Tuesday, October 18, 2005

Humanity

Sometimes Nigerians can be so down on themselves, when what we should be down on is humanity itself. This feeling is hardly surprising, given the things that happen. For example, some friends visited us the other day - they run a community for the mentally destitute way out East in Abia State. They told of a witch-hunt that is going on at present in the neighbourhood. It all began when some children alleged that they saw naked people dancing in the forest at night. The next thing that happened is that some people were accused of being witches. A witch-doctor was hired from Cross River State to come and sort out the problem. The first thing he did was ask the Local Government whether he could come - warning the officials that those that are witches would die when they drank his potion, and those that survived would then be found to be clean of all evil forces. He was allowed in (for a fee of N200,000), and since that time, many people have died of his poison, being forced to unceremoneously dumped in the ground in unattended funerals of shame, rather than buried.

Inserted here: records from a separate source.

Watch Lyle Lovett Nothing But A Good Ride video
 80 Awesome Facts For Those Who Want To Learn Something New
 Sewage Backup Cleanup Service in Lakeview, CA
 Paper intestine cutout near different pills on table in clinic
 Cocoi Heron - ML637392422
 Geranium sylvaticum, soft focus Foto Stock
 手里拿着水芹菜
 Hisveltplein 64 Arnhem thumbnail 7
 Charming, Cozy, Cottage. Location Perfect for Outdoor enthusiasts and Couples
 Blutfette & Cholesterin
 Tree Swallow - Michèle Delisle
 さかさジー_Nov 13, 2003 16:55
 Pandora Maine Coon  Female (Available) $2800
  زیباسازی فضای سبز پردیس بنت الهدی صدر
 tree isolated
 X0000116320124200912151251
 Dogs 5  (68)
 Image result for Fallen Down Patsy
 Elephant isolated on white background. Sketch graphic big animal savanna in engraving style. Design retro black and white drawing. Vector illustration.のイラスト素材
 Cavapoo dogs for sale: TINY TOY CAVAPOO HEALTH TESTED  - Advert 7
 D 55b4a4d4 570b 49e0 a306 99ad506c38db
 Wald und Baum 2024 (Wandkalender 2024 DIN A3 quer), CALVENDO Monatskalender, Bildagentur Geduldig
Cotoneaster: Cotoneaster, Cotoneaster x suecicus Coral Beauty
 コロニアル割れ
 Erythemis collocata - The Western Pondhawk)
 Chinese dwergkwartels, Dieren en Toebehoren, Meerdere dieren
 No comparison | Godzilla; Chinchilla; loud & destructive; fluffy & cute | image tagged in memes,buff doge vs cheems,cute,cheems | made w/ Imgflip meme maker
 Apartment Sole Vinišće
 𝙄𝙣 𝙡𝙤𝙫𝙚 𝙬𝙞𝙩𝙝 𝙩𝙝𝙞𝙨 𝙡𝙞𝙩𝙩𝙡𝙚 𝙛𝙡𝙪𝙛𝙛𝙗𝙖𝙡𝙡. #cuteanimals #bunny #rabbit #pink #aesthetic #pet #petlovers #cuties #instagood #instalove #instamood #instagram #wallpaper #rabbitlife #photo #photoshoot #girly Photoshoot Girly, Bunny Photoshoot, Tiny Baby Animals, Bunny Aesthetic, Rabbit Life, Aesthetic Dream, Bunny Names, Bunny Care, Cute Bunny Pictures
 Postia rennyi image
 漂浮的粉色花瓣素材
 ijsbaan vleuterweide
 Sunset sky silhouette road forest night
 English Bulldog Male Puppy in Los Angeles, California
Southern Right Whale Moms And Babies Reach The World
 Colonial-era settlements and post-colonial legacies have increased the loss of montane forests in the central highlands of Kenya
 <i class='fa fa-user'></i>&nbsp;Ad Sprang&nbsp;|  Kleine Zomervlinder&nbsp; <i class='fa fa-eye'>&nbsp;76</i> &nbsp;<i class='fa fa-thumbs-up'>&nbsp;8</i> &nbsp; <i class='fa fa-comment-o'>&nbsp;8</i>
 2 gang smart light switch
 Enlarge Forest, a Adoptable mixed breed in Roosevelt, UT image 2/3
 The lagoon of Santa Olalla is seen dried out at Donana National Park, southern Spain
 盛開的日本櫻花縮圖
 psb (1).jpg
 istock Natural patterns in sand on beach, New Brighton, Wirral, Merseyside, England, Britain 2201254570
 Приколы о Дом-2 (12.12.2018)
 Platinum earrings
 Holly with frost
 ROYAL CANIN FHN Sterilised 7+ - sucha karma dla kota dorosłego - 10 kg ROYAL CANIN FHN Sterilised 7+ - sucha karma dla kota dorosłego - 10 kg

Then again, the story that a young boy was lynched and set alight in broad daylight in Lagos yesterday by a gleeful crowd (he was suspected of kidnapping another boy) shocks but should not surprise. Nigeria is similar to medieval Europe in terms of its current social structure - a feudal system with no functioning justice system, creating a Big Man/baying masses syndrome (the exact equivalent of the Lord vs the braying Tyburn Mob salivating in front of the Gallows near modern day Marble Arch).

These depressing stories (there are many more) do not reveal anything specific about the nature of Nigerian humanity; rather, they reveal what can happen to any human society given a certain context in which to operate. Power-without-reason and justice-without-law can have awful consequences on any human context. While humans have created pyramids and cathedrals and the loveliest music in times of cultural rebirth, there is a daemon within the human spirit that unleashes madness and destruction given the opportunity. Only reason-based structures and processes, creating a sustainable infrastructure and accountable legal system can rid the country of these acts of senseless violence. The sad thing about we humans is that even when a society does have these mechanisms in place, barbarism still exists (witness the lad whose was beaten to death in a gay-bashing attack on Clapham Common last weekend).